After insertion of the Okazaki fragments, the RNA primers are removed (the removal mechanism differs between prokaryotes and eukaryotes) and replaced with new deoxyribonucleotides that fill in the gaps where the RNA was present. The DNA ligase then joins the fragmented strands, completing the synthesis of the lagging strand. [1]

In prokaryotes, DNA polymerase I synthesizes the Okazaki fragment until it reaches the above RNA primer. The enzyme then acts simultaneously as a 5 ′ → 3 ′ exonuclease, removing the primer ribonucleotides in front and adding deoxyribonucleotides behind until the region has been replaced by DNA, leaving a small gap in the DNA backbone between the Okazaki fragments. which is sealed with DNA ligase.

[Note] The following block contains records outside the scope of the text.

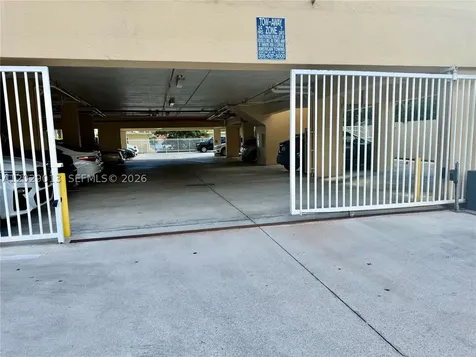 601 SW 37th Avenue Miami FL 33135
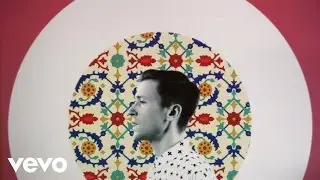 Teleman - Skeleton Dance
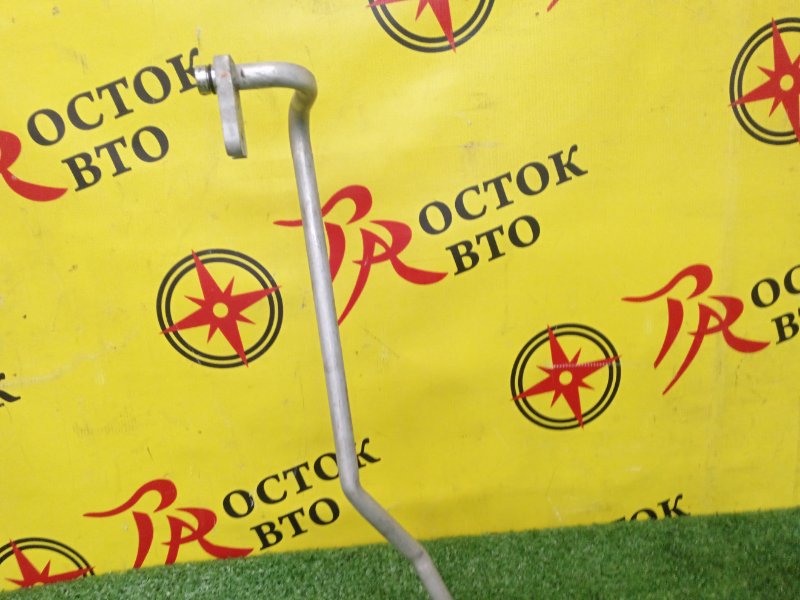 Шланг кондиционера, 500 рублей, Красноярск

In the removal of eukaryotic primers, DNA polymerase δ extends the Okazaki fragment in the direction 5 ′ → 3 ′, and upon finding the RNA primer of the previous Okazaki fragment, it displaces the 5 ′ end of the primer in an RNA flap. single-stranded, which is removed by nuclease cleavage. Cleavage of RNA flaps involves cleavage of flap structure-specific endonuclease 1 (FEN1) from short flaps, or coating of long flaps by replication protein A (RPA) of the binding protein. Single-stranded DNA and sequential cleavage by nuclease Dna2 and FEN1.